The manifold is implemented assuming the Fisher-Rao metric for the multinomial distribution, which is equivalent to the induced metric from isometrically embedding the probability simplex in the $n$-sphere of radius 2. The corresponding diffeomorphism $\varphi: \mathbb Δ^n → \mathcal N$, where $\mathcal N \subset 2𝕊^n$ is given by $\varphi(p) = 2\sqrt{p}$.

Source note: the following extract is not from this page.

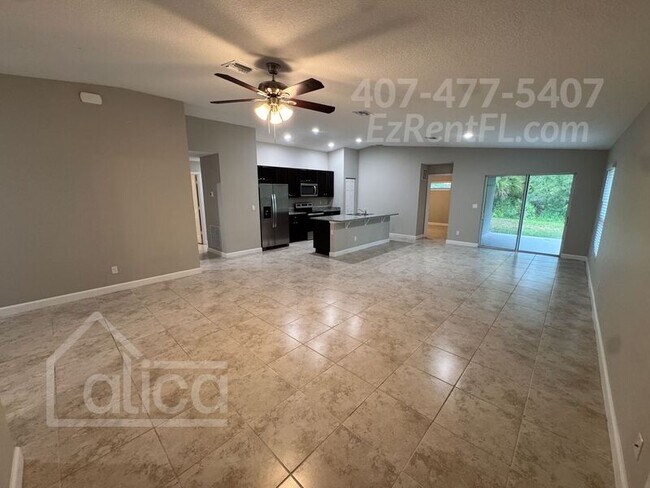 Foto del edificio - 737 Daniels Ave SW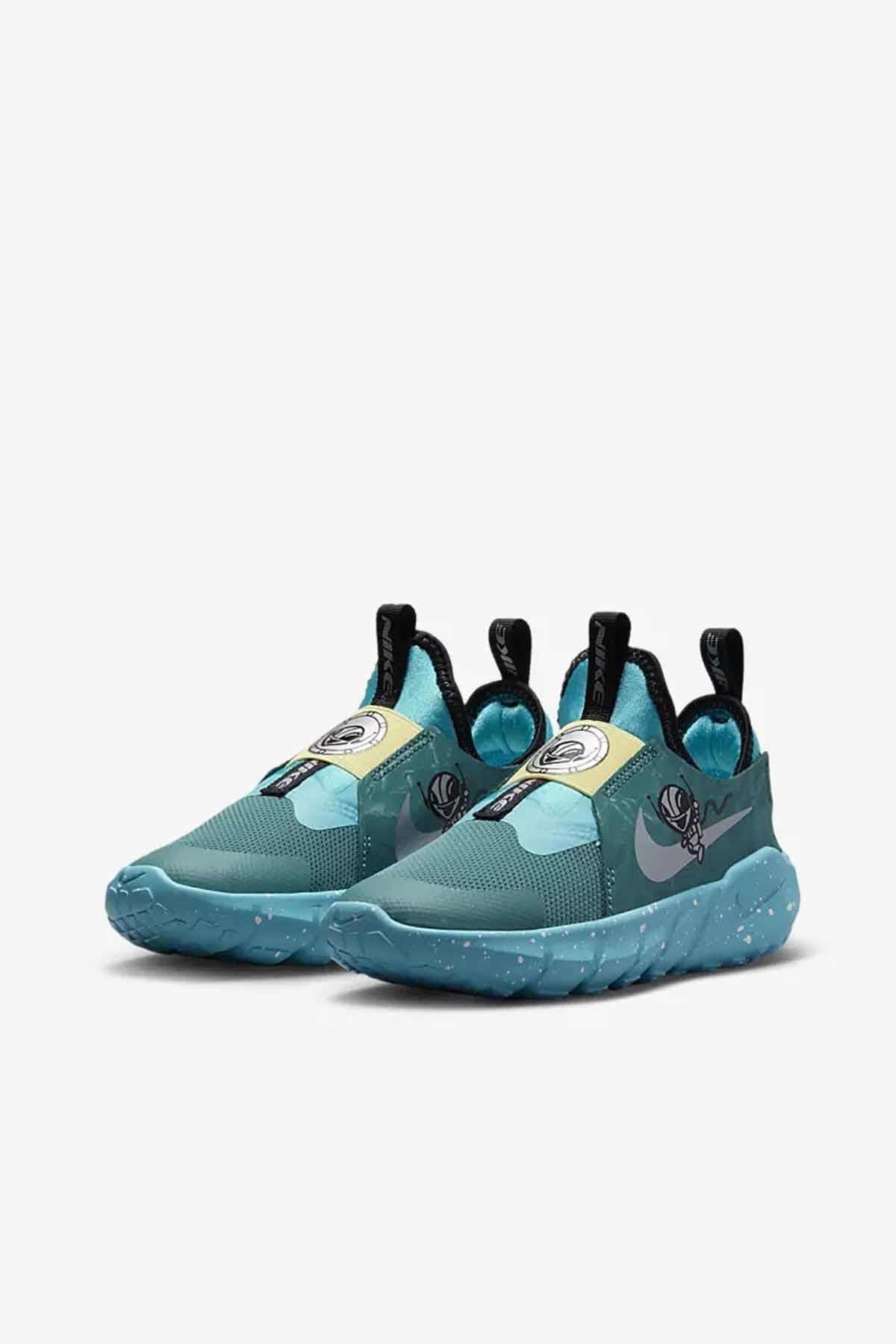 Nike future flex psv sneaker hotsell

This implementation follows the notation in ^{[ÅströmPetraSchmitzerSchnörr2017]}.

`Base.exp`

— Method`exp(M::ProbabilitySimplex,p,X)`

Compute the exponential map on the probability simplex.

\[\exp_pX = \frac{1}{2}\Bigl(p+\frac{X_p^2}{\lVert X_p \rVert^2}\Bigr) + \frac{1}{2}\Bigl(p - \frac{X_p^2}{\lVert X_p \rVert^2}\Bigr)\cos(\lVert X_p\rVert) + \frac{1}{\lVert X_p \rVert}\sqrt{p}\sin(\lVert X_p\rVert),\]

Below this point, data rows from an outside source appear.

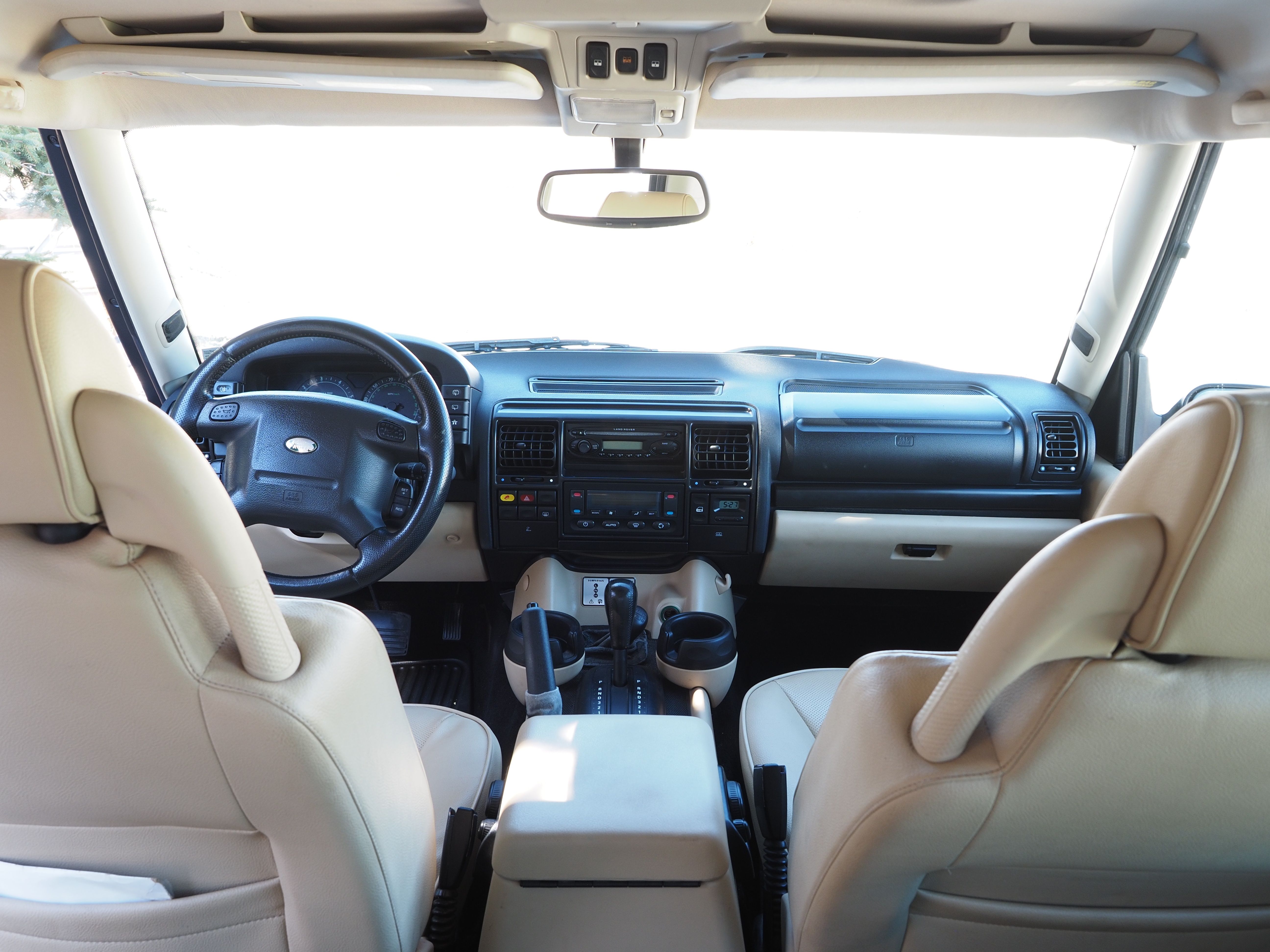 Used 2004 Land Rover Discovery S AWD/4WD image 10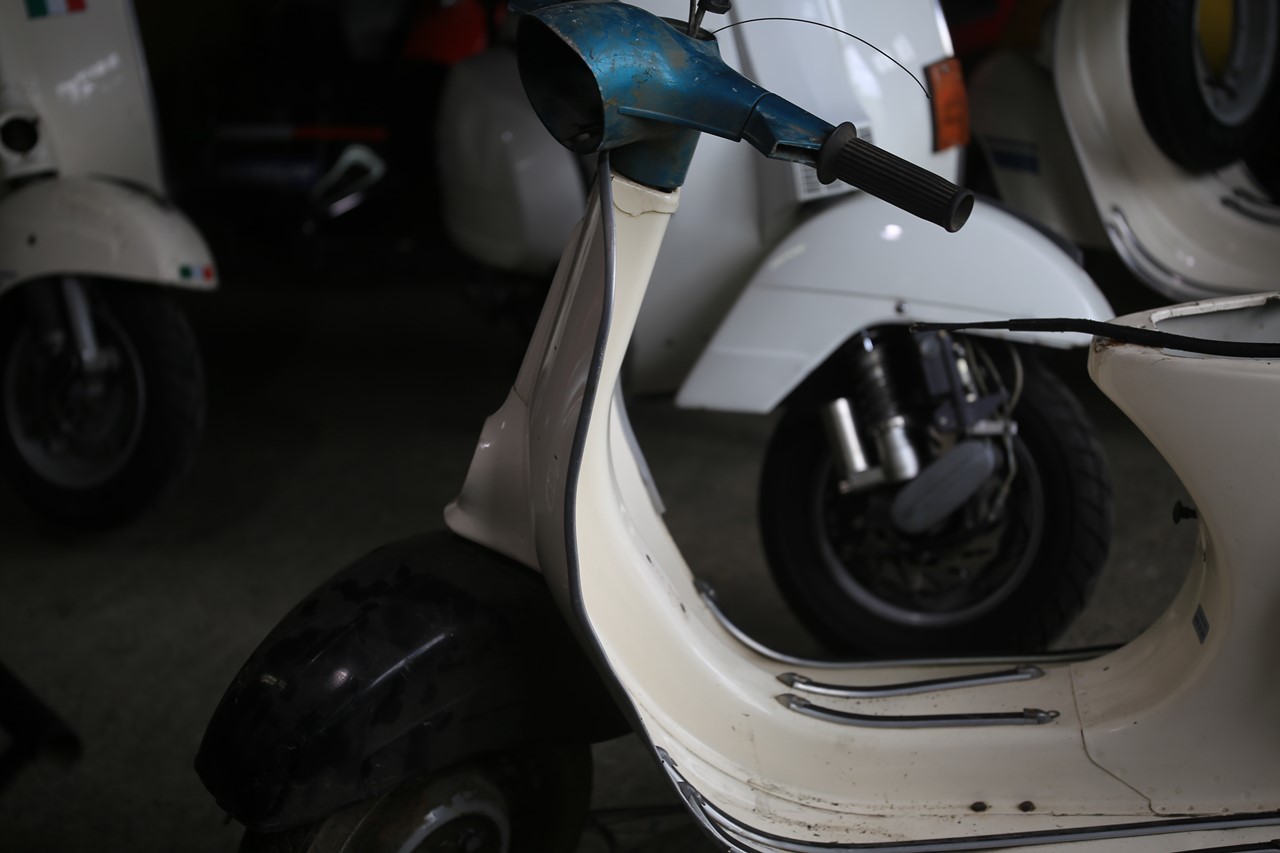 50s中古車の下拵え作業風景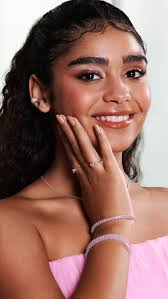 Aurora no mood Julia Pires. Autêntica, leve e sempre ligada nas trends.  Brilho real, rotina real e muito estilo ✨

where $X_p = \frac{X}{\sqrt{p}}$, with its division meant elementwise, as well as for the operations $X_p^2$ and $\sqrt{p}$.

`Base.log`

— Method`log(M::ProbabilitySimplex, p, q)`

Compute the logarithmic map of `p`

and `q`

on the `ProbabilitySimplex`

`M`

.

\[\log_pq = \frac{d_{Δ^n}(p,q)}{\sqrt{1-⟨\sqrt{p},\sqrt{q}⟩}}(\sqrt{pq} - ⟨\sqrt{p},\sqrt{q}⟩p),\]

where $pq$ and $\sqrt{p}$ is meant elementwise.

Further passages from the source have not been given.